◆ **Task to complete**: After locating the line that contains "Lou Etna Bishop Bishop" in the data below, set down exactly that line and each one after it through the line that contains "Reign Hand-Knotted Rug, 8' x 10'", and nothing more.

++++ Stored data ++++

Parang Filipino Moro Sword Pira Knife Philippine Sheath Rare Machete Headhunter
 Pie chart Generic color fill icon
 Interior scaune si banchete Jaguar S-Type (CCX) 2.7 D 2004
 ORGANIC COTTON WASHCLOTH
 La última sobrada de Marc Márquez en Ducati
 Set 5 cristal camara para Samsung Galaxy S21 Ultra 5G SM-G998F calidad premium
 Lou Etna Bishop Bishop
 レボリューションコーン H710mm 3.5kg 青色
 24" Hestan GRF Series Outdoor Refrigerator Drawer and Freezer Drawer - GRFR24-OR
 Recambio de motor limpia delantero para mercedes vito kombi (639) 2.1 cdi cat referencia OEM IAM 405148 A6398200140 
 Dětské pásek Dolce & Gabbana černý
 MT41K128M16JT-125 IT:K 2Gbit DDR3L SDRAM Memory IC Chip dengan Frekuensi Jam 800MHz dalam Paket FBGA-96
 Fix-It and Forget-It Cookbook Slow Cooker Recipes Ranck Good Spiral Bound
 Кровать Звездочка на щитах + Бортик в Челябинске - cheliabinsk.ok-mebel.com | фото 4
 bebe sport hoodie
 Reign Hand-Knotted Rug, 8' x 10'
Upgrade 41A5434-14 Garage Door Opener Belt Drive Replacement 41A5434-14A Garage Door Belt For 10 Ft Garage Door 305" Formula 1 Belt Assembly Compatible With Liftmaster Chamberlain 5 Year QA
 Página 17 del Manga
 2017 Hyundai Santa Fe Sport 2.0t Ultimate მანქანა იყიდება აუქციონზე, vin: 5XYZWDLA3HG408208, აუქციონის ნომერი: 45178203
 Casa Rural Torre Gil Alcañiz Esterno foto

++++

◆ **Solution**:
 Lou Etna Bishop Bishop
 レボリューションコーン H710mm 3.5kg 青色
 24" Hestan GRF Series Outdoor Refrigerator Drawer and Freezer Drawer - GRFR24-OR
 Recambio de motor limpia delantero para mercedes vito kombi (639) 2.1 cdi cat referencia OEM IAM 405148 A6398200140 
 Dětské pásek Dolce & Gabbana černý
 MT41K128M16JT-125 IT:K 2Gbit DDR3L SDRAM Memory IC Chip dengan Frekuensi Jam 800MHz dalam Paket FBGA-96
 Fix-It and Forget-It Cookbook Slow Cooker Recipes Ranck Good Spiral Bound
 Кровать Звездочка на щитах + Бортик в Челябинске - cheliabinsk.ok-mebel.com | фото 4
 bebe sport hoodie
 Reign Hand-Knotted Rug, 8' x 10'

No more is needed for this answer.